--- DATA RECORDS Enclosed Below ---

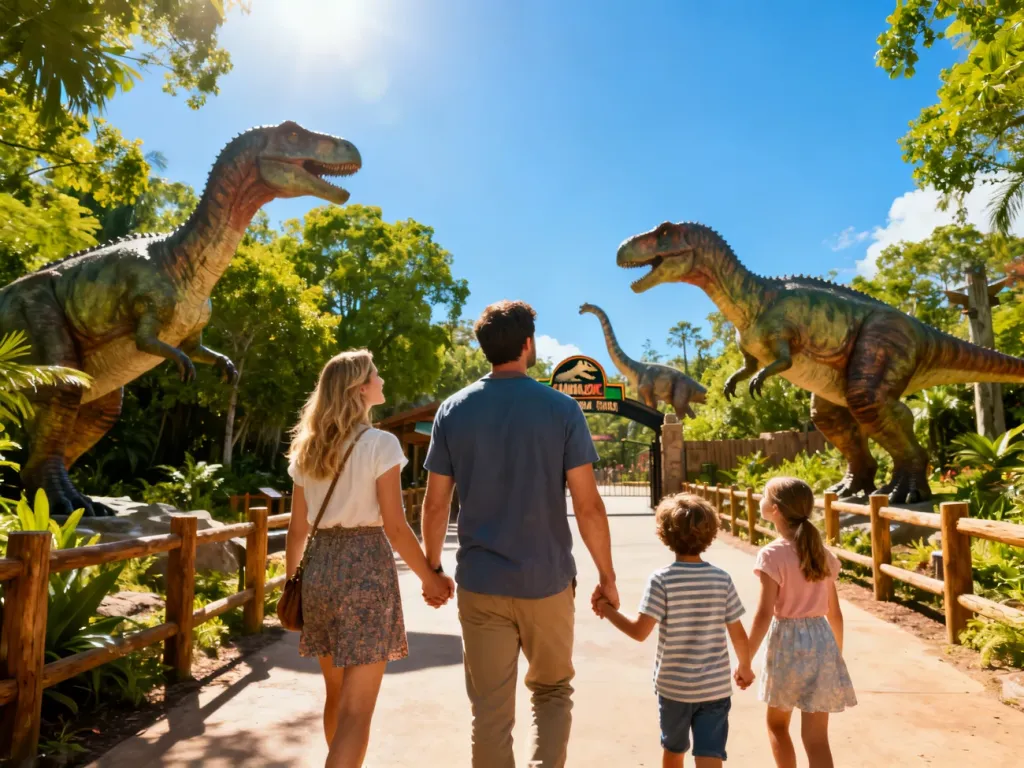 Szczęśliwa rodzina zwiedzająca park jurajski w Bałtowie, podziwiająca modele dinozaurów w słoneczny dzień.
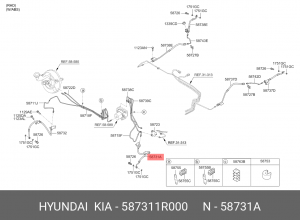 Hyundai Solaris, Kia Rio 12-16 Шланг тормозной передний левый 587311R000 HYUNDAI KIA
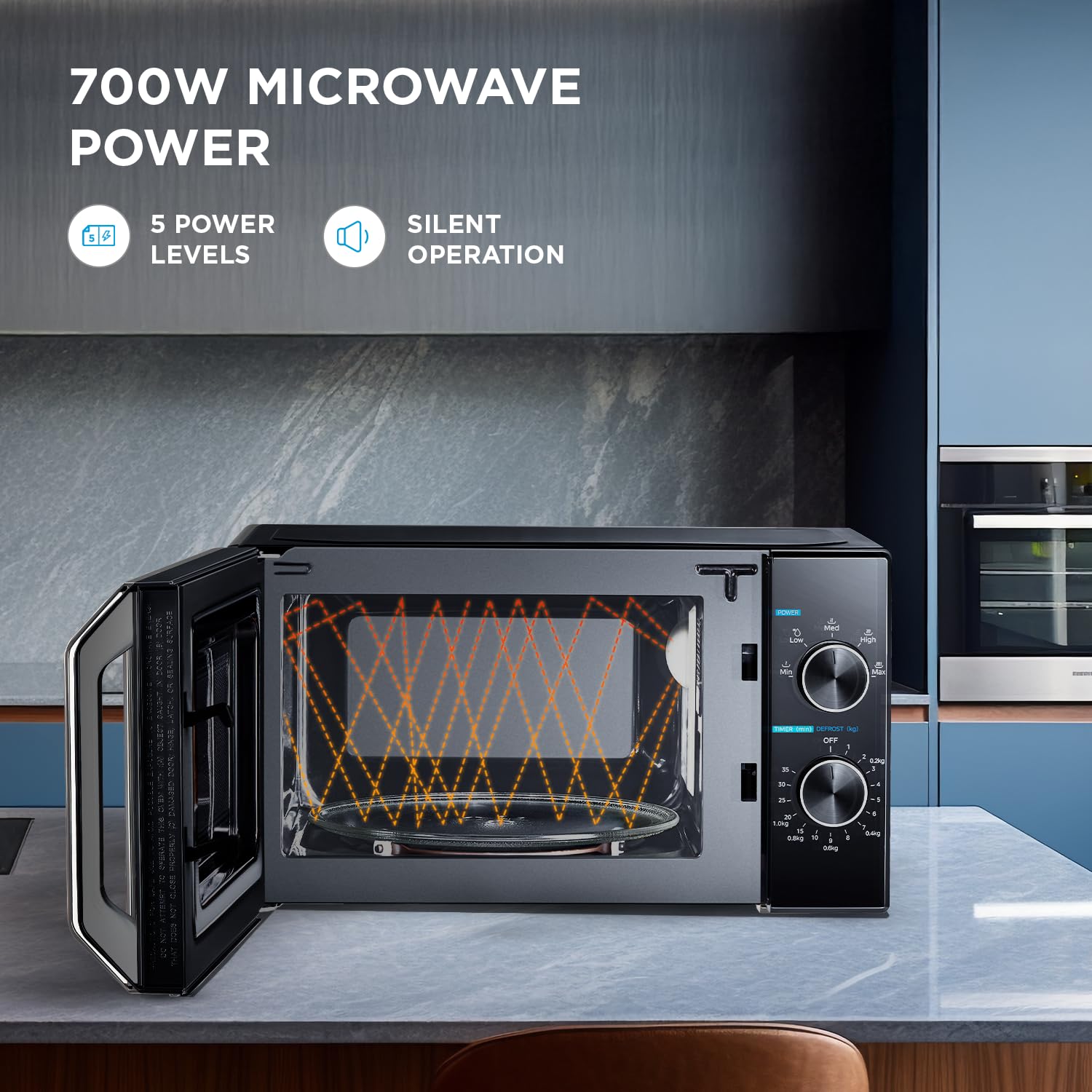 Midea 20L Solo Microwave Oven (MMO20CXAMMPEBK, Black, 5 power levels & Defrost function)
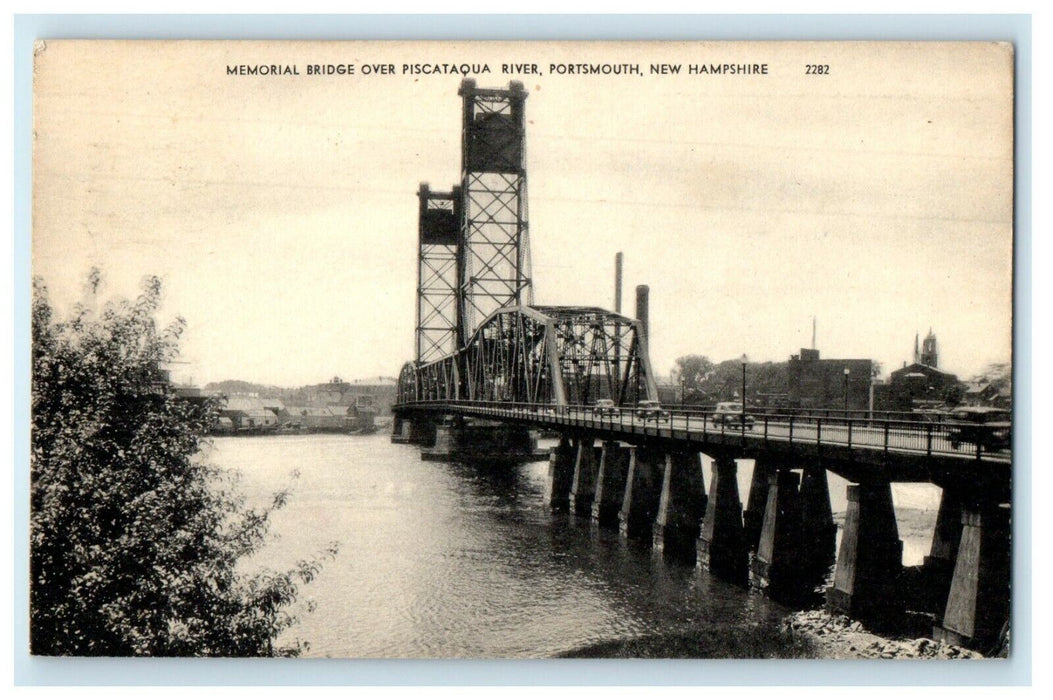 1949 Memorial Bridge Piscataqua River Portsmouth New Hampshire NH Postcard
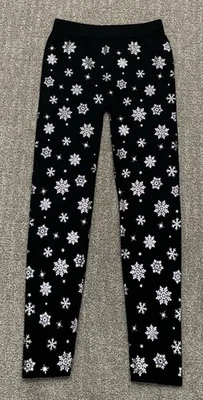 Eye Candy Black Metallic Silver Snowflake Leggings Holiday Women’s Small/Medium - Image 1 of 4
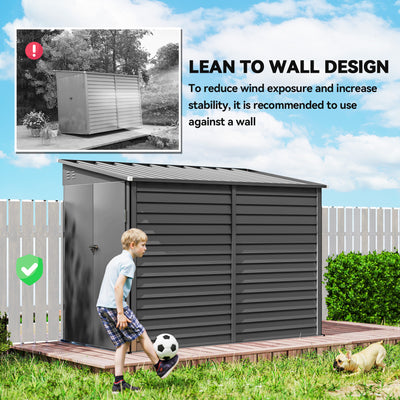 4.6' x 9' Outdoor Storage Shed, Lean to Metal Shed with Foundation Kit, Lockable Doors and Gloves for Patio, Lawn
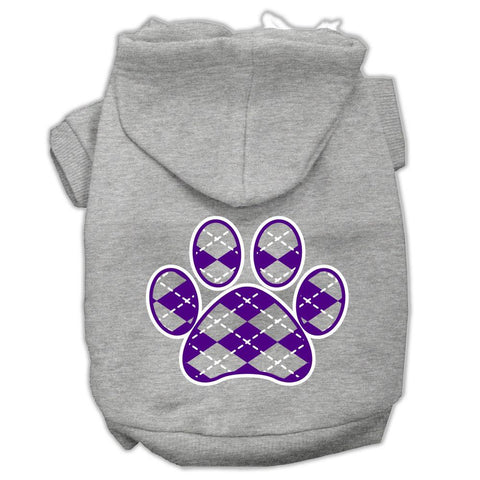 Argyle Paw Purple Screen Print Pet Hoodies Grey Size Lg (14)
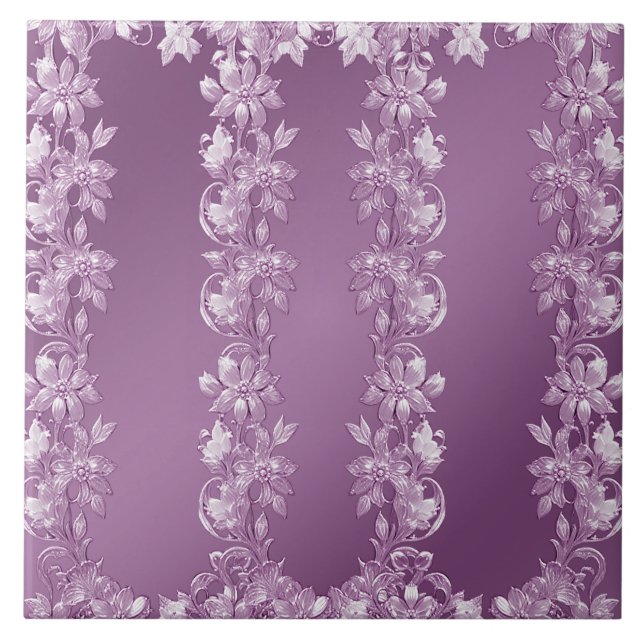 Modern Lilac Floral Ceramic Tile (Front)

--- End of Enclosed DATA RECORDS ---

* WHAT YOU NEED TO DO
Only what runs from the line holding "Hyundai Solaris, Kia" through the end of the entries above is to be given again, exactly, with every picture omitted.

* OUTPUT
 Hyundai Solaris, Kia Rio 12-16 Шланг тормозной передний левый 587311R000 HYUNDAI KIA
 Midea 20L Solo Microwave Oven (MMO20CXAMMPEBK, Black, 5 power levels & Defrost function)
 1949 Memorial Bridge Piscataqua River Portsmouth New Hampshire NH Postcard
 Eye Candy Black Metallic Silver Snowflake Leggings Holiday Women’s Small/Medium - Image 1 of 4
 4.6' x 9' Outdoor Storage Shed, Lean to Metal Shed with Foundation Kit, Lockable Doors and Gloves for Patio, Lawn
 Argyle Paw Purple Screen Print Pet Hoodies Grey Size Lg (14)
 Modern Lilac Floral Ceramic Tile (Front)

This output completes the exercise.